# Auto Finesse DESIRE on black - Octavia vRS



## MidlandsCarCare (Feb 18, 2006)

Unfortunately this isn't a full write up (yet) as I have misplaced the memory card with the first part of the detail on (washing stages), so I only have a few pics of the correction work and a few quick 'afters' to show people how Desire looks on black.

Please excuse the current state of my unit also - most of the walls are now painted, but the storage units aren't in yet and I need to hang a few banners, paint the floor and get the electrics all sorted out - which should all be progressed in the coming week.

So, first up, a few pics from the correction stage - the paint was pretty heavily swirled and littered with RDS. However, I completely unexpected just how soft the paint would be, with a lot of combinations leaving very heavy marring and hologramming in place.

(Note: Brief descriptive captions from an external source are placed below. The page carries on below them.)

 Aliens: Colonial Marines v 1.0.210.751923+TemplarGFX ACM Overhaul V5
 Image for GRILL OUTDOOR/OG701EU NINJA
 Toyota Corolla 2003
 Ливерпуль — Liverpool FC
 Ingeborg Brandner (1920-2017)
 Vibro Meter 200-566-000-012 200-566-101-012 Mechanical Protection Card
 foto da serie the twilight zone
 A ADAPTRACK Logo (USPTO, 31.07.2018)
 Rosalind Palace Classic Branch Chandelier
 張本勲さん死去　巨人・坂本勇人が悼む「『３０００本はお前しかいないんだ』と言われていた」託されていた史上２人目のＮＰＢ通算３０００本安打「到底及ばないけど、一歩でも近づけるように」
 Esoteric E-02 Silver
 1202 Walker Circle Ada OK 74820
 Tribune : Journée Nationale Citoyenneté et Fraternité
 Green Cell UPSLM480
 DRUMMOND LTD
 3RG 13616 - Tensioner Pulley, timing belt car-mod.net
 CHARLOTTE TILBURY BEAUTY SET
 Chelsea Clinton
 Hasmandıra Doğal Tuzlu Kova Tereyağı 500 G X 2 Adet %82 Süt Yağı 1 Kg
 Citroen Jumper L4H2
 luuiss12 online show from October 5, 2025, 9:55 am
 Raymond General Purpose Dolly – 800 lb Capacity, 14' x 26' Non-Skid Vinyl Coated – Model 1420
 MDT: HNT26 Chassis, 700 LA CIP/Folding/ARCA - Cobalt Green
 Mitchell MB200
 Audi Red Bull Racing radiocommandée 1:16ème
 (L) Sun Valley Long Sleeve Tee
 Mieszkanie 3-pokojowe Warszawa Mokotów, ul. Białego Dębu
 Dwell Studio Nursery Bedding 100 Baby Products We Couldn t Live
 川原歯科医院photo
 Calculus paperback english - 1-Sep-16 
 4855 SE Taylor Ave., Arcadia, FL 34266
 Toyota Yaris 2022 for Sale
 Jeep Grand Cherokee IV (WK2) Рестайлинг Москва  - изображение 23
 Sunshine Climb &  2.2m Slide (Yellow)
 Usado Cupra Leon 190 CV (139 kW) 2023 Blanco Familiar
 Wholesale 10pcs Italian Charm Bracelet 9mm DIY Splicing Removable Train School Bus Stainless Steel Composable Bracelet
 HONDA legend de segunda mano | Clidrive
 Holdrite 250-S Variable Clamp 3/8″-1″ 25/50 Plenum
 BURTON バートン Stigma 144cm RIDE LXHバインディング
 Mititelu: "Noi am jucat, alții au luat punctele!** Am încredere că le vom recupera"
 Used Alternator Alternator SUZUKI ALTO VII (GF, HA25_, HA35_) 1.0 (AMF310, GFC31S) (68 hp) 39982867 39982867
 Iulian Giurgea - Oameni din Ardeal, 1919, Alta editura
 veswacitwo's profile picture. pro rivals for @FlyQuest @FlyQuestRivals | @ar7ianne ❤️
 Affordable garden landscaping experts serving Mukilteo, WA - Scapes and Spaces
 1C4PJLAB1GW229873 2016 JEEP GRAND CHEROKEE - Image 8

After trying a LOT of combinations, I settled on Megs 105 on a Polishing Pad, followed by 205 on a Finishing Pad, which worked a treat:


DSC01181 by RussZS, on Flickr

RDS before:


DSC01189 by RussZS, on Flickr

RDS after:


DSC01191 by RussZS, on Flickr

After shot on the bonnet:


DSC01333 by RussZS, on Flickr


DSC01336 by RussZS, on Flickr


DSC01340 by RussZS, on Flickr


DSC01344 by RussZS, on Flickr


DSC01346 by RussZS, on Flickr

I called in my wheels and tyre specialist to work her magic:


DSC01330 by RussZS, on Flickr

She also kindly bought some cheap heating (will do for now):


DSC01339 by RussZS, on Flickr

AF Revive was used on the plastic trim:


DSC01348 by RussZS, on Flickr

It adds quite a bit of colour!!


DSC01349 by RussZS, on Flickr

To finish up, after discussing options at length with my customer, we opted for Auto Finesse's Desire, to see how it holds up over Winter and how it looks on metallic black:


DSC01351 by RussZS, on Flickr

and now, the afters...


DSC01354 by RussZS, on Flickr


DSC01358 by RussZS, on Flickr


DSC01359 by RussZS, on Flickr


DSC01362 by RussZS, on Flickr


DSC01365 by RussZS, on Flickr


DSC01369 by RussZS, on Flickr


DSC01370 by RussZS, on Flickr


DSC01372 by RussZS, on Flickr


DSC01375 by RussZS, on Flickr


DSC01376 by RussZS, on Flickr


DSC01378 by RussZS, on Flickr

Thanks for reading and apologies once again for the partial write up and the state of my unit at the moment 

Thanks,

Russ - Midlands Car Care


----------



## bigslippy (Sep 19, 2010)

Nice work there Russ , Desire certainly looks to be the business. I hope the tyre , wheel and heating expert wasn't too much of a distraction:lol:


----------



## AaronGTi (Nov 2, 2010)

Excellent stuff as always man. Desire looks brilliant on the black metallic.
As I said on FB, loving all the VAG motors recently


----------



## MidlandsCarCare (Feb 18, 2006)

Oh and my fave pic!


DSC01335 by RussZS, on Flickr


----------



## MidlandsCarCare (Feb 18, 2006)

bigslippy said:


> Nice work there Russ , Desire certainly looks to be the business. I hope the tyre , wheel and heating expert wasn't too much of a distraction:lol:


Cheers Neil 

She is a bit, but she keeps me motivated tbh!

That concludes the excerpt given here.